■ What to produce
Every line from the line containing "Mind Reader Air-Cloud" to the end of the data must appear in the answer exactly as it appears there, and nothing else.

------ Material for the task

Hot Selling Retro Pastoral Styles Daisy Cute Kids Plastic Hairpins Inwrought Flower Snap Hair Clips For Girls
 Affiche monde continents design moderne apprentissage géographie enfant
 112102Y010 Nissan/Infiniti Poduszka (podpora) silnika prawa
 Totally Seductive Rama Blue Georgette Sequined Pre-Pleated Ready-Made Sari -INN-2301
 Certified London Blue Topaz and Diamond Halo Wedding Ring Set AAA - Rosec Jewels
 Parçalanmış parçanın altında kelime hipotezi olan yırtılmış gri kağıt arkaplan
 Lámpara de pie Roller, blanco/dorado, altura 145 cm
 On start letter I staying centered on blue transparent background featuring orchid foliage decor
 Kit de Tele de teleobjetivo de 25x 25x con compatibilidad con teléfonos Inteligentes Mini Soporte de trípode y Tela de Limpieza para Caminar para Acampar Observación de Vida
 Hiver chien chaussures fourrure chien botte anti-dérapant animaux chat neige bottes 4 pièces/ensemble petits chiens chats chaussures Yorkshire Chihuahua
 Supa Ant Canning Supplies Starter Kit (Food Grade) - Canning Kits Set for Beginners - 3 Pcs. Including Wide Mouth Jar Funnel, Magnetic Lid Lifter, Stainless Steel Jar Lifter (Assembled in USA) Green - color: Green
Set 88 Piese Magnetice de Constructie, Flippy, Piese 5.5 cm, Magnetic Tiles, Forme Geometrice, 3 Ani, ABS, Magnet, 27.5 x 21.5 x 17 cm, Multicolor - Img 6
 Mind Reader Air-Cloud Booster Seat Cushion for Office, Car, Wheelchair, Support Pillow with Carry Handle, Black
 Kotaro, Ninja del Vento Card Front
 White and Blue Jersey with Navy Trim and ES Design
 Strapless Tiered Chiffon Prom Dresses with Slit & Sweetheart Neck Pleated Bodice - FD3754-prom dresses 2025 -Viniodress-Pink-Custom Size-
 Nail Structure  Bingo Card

------------

■ Result of the exercise
 Mind Reader Air-Cloud Booster Seat Cushion for Office, Car, Wheelchair, Support Pillow with Carry Handle, Black
 Kotaro, Ninja del Vento Card Front
 White and Blue Jersey with Navy Trim and ES Design
 Strapless Tiered Chiffon Prom Dresses with Slit & Sweetheart Neck Pleated Bodice - FD3754-prom dresses 2025 -Viniodress-Pink-Custom Size-
 Nail Structure  Bingo Card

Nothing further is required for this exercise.